Transcribe the lines below exactly, beginning with the line that holds "You're What The" and ending with the final line, both included. Pictures are to be left out.
***** INPUT DATA
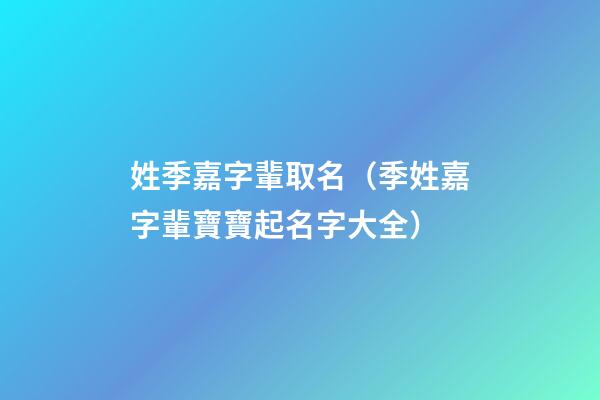 姓季嘉字輩取名（季姓嘉字輩寶寶起名字大全）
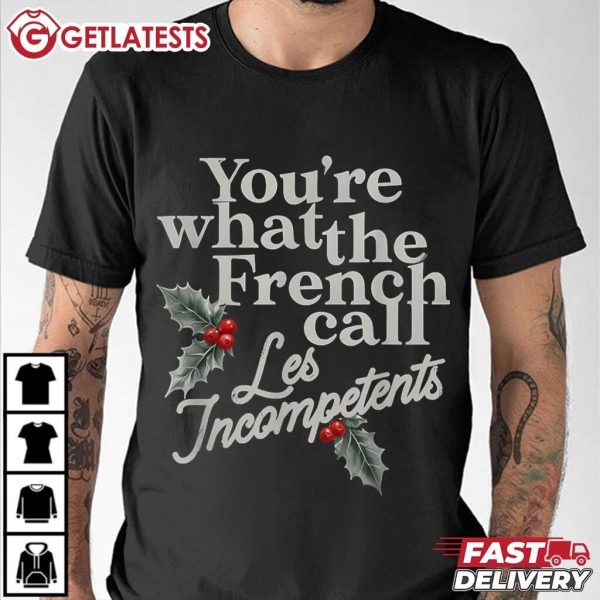 You're What The French Call Les Incompetents Christmas Funny T Shirt (2)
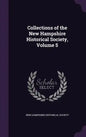 Collections of the New Hampshire Historical Society, Volume 5 - Hardcover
**********
ANSWER TO THIS TASK -
 You're What The French Call Les Incompetents Christmas Funny T Shirt (2)
 Collections of the New Hampshire Historical Society, Volume 5 - Hardcover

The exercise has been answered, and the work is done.